Au lieu que Washington convainc ses alliés régionaux de la nécessité de s’engager dans le processus politique, c’est l’inverse qui s’est produit. La Turquie et l’Arabie saoudite ont convaincu les Américains que le rapport de force, instauré grâce à la Russie, doit absolument être modifié afin que les négociations ne se transforment en reddition pure et simple de l’opposition syrienne. Washington n’a donc pas levé le petit doigt lorsque le négociateur en chef de l’opposition, Mohammad Allouche, a claqué la porte, fin mai.
Sur le terrain, la coalition rebelle «modéro-extrémiste» est repassée à l’offensive et a enregistré une série de succès dans le sud d’Alep, reprenant une partie des territoires perdus et infligeant de lourdes pertes à l’armée syrienne, aux Iraniens et au Hezbollah. La Russie hésite encore à utiliser toute sa puissance de feu contre les assaillants, de peur de torpiller définitivement le processus politique. L’escalade verbale et les mises en garde américaines assurent aux rebelles une couverture presque aussi efficace que les Sukhoï russes.
Dans le même temps, les Américains ont mis en œuvre l’autre phase du «plan B», dans l’est syrien. La «Nouvelle armée de Syrie», formée, entraînée et équipée par des pays membres de l’Otan (dont la Norvège), en Jordanie, commence à se déployer. La mission qui lui est assignée est d’essayer de reprendre à Daech la ville d’Abou Kamal, en collaboration avec des tribus sunnites irakiennes manœuvrant de l’autre côté de la frontière. Consciente des enjeux, la Russie ne s’est pas privée d’adresser un message aux Américains, en bombardant, la semaine dernière, des troupes de la «Nouvelle armée de Syrie», dans la région de Tanaf, où se rejoignent les frontières syro-irako-jordaniennes.
La troisième phase du plan est appliquée par les Forces démocratiques syriennes, avec la participation directe d’unités spéciales américaines et, dans une moindre mesure, françaises et bientôt norvégiennes.

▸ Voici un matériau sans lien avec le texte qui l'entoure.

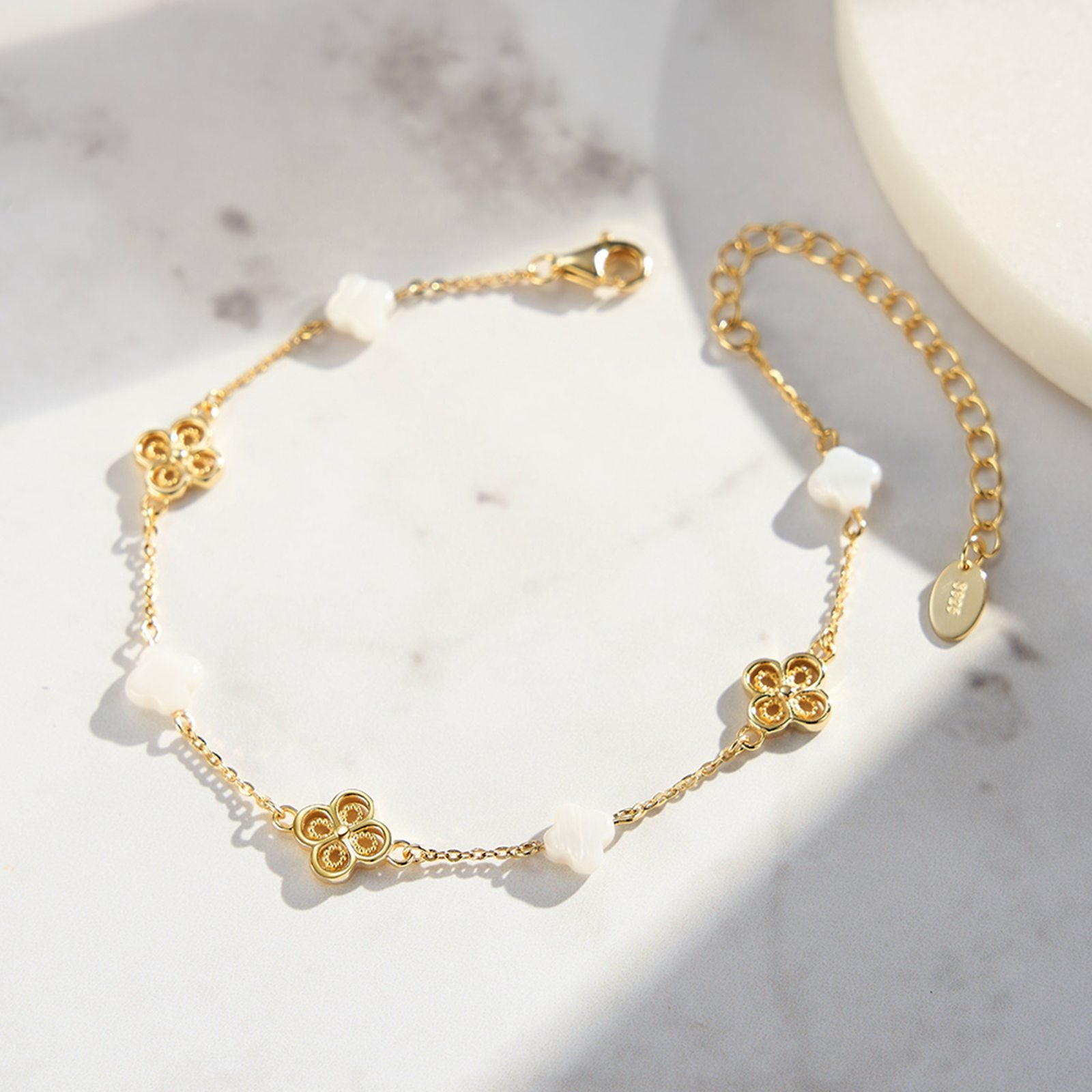Bratara din argint placata cu aur eleganta cu trifoi clover cesini cadou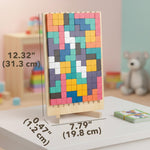 Load image into Gallery viewer, Wooden Puzzle Blocks Montessori Brain Blocks & Stacki Style 10 Challenge Cards Numbered Tray & Grid Guide Educational Game for Kids Ages 3 to 5 Russian Blocks Style Learning Game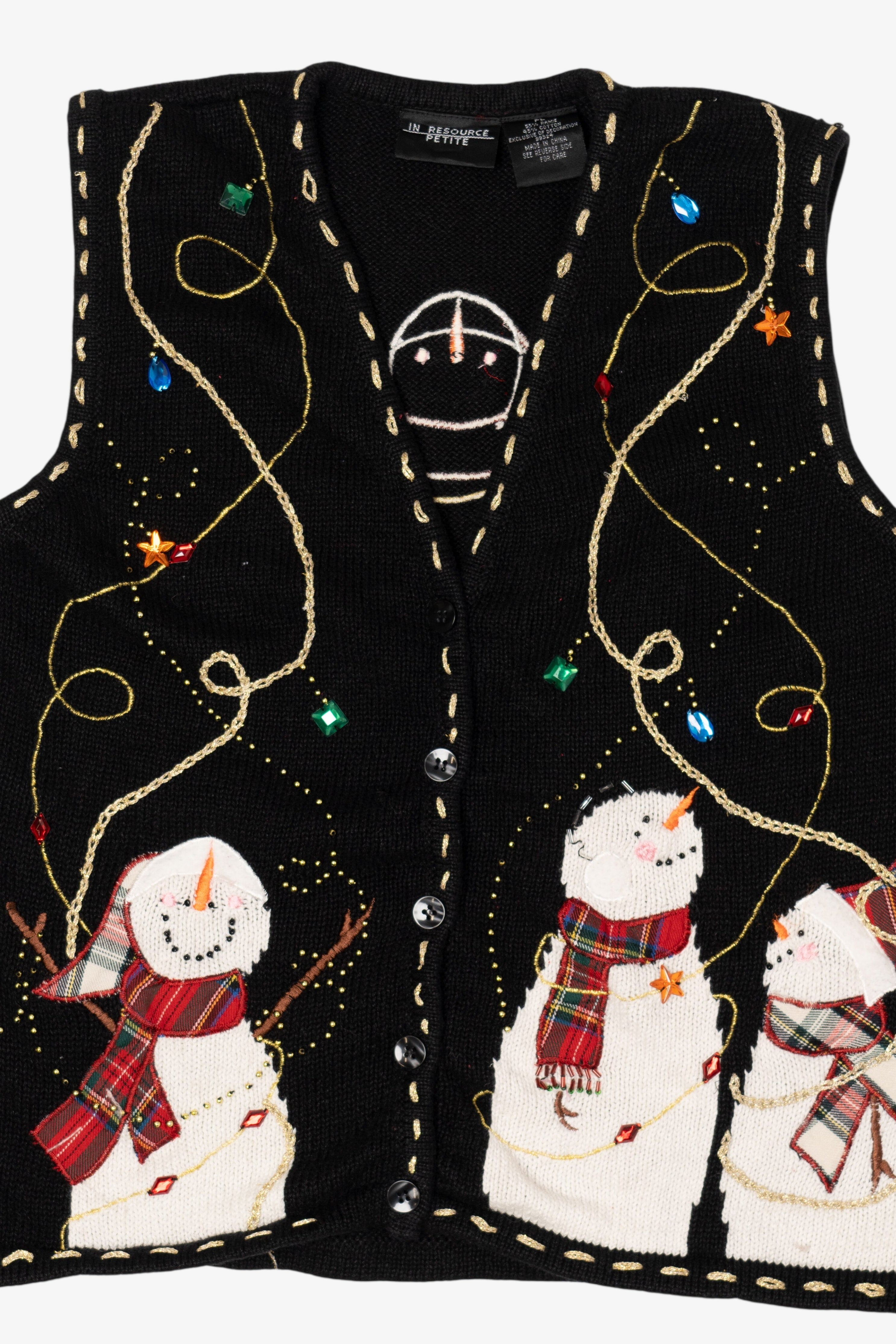 Vintage Black In Resource Snowmen Ugly Christmas Vest (2000s)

L’objectif stratégique du «plan B» est de prendre le contrôle de la frontière entre l’Irak et la Syrie, afin de rompre la continuité territoriale entre l’Iran, l’Irak, la Syrie et le Liban. Il s’agit de saucissonner l’«axe de la Résistance», en isolant chacune de ses composantes dans son espace géographique.
Damas, Téhéran et Moscou ont réalisé, avec un peu de retard, la nature et les objectifs du «plan B», et ont décidé d’y faire face lors de la réunion des ministres de la Défense des trois pays en Iran, le 9 juin.
On comprend mieux, dès lors, les propos du leader du Hezbollah, sayyed Hassan Nasrallah, sur des «mois difficiles» en Syrie.